To może być dobra wiadomość dla pasażerów samolotów, którzy mają ochotę zabrać ze sobą na pokład swój ulubiony napój lub kosmetyki. Niemieccy naukowcy wymyślili sposób, jak sprawdzić, czy w butelce nie ma środków wybuchowych.
Do wykonania testu wystarczą dwie dziesiąte sekundy. Sprawia to, że może być on praktycznie wykorzystany przy kontroli bagażu na lotnisku. Badacze z Forschungszentrum w Jülich naświetlali próbkę promieniowaniem elektromagnetycznym o szerokim zakresie częstotliwości. Dobranie odpowiedniego detektora umożliwiło szybką identyfikację sygnału pochodzącego od różnych rodzajów cieczy.

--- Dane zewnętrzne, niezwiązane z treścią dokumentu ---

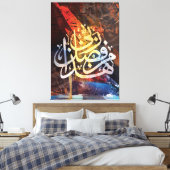 Arabische Leinwand Kalligrafie Mauer Malerei (Insitu (Schlafzimmer))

Można teraz zbudować bazę danych o niebezpiecznych substancjach i mieszaninach, których wniesienie na pokład byłoby groźne. To oznacza, że w przyszłości maszyna do skanowania płynów mogłaby zgłaszać podejrzane butelki, podobnie jak obecne wykrywacze metalu. Oby te metodę wprowadzono w życie jak najprędzej, pasażerom samolotów oszczędzono by przynajmniej jednego powodu do zdenerwowania.